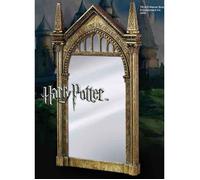 The Noble Collection Réplique Harry Potter - Le miroir de Nerhegeb 45 cm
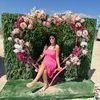 lyndatrabelsy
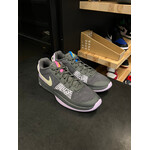 Nike Nike Ja 1 Personal Touch Size 10, PREOWNED PADS PASS AS DS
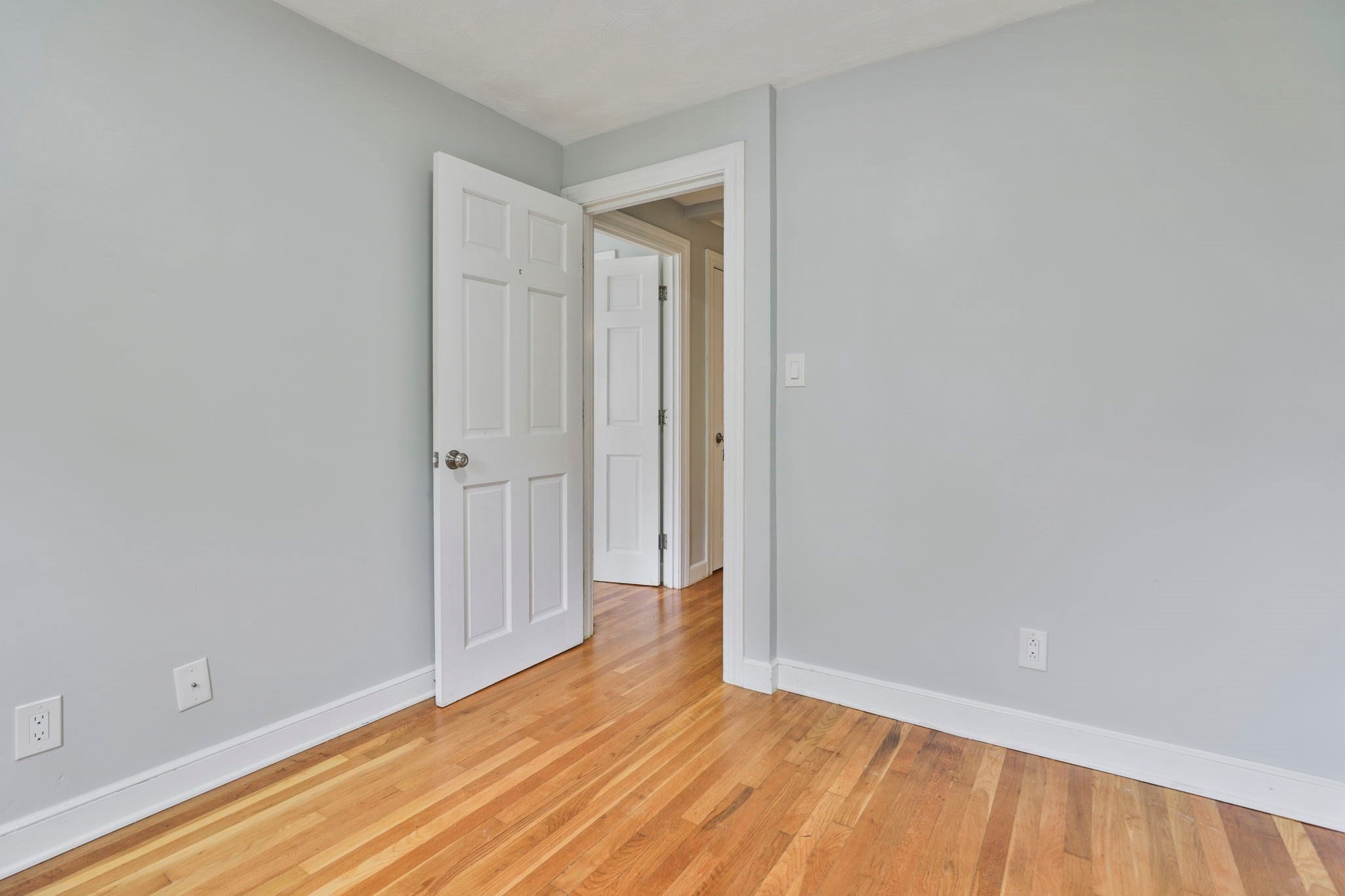 10 Rose Ave #10, Watertown, MA, 10 Rose Ave #10, Watertown, MA Photo #24
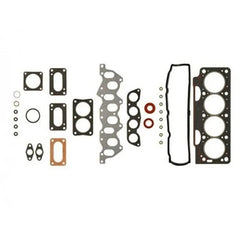 Renault 21 Motor Contası Takım Üst 1991-1997 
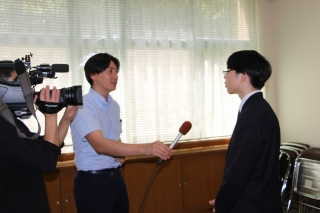 s-★IMG_6526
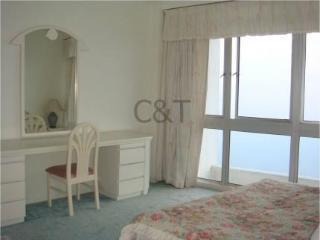 Ria Apartment Cao nguyên Genting Ngoại thất bức ảnh
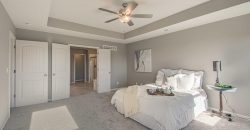 Homes for Sale in Liberty, MO 64068 | 1007  Poplar Lane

....

Exercise description ▸ When you repeat the records, reproduce each line exactly and drop the images.

Result ▸
 The Noble Collection Réplique Harry Potter - Le miroir de Nerhegeb 45 cm
 lyndatrabelsy
 Nike Nike Ja 1 Personal Touch Size 10, PREOWNED PADS PASS AS DS
 10 Rose Ave #10, Watertown, MA, 10 Rose Ave #10, Watertown, MA Photo #24
 Renault 21 Motor Contası Takım Üst 1991-1997 
 s-★IMG_6526
 Ria Apartment Cao nguyên Genting Ngoại thất bức ảnh
 Homes for Sale in Liberty, MO 64068 | 1007  Poplar Lane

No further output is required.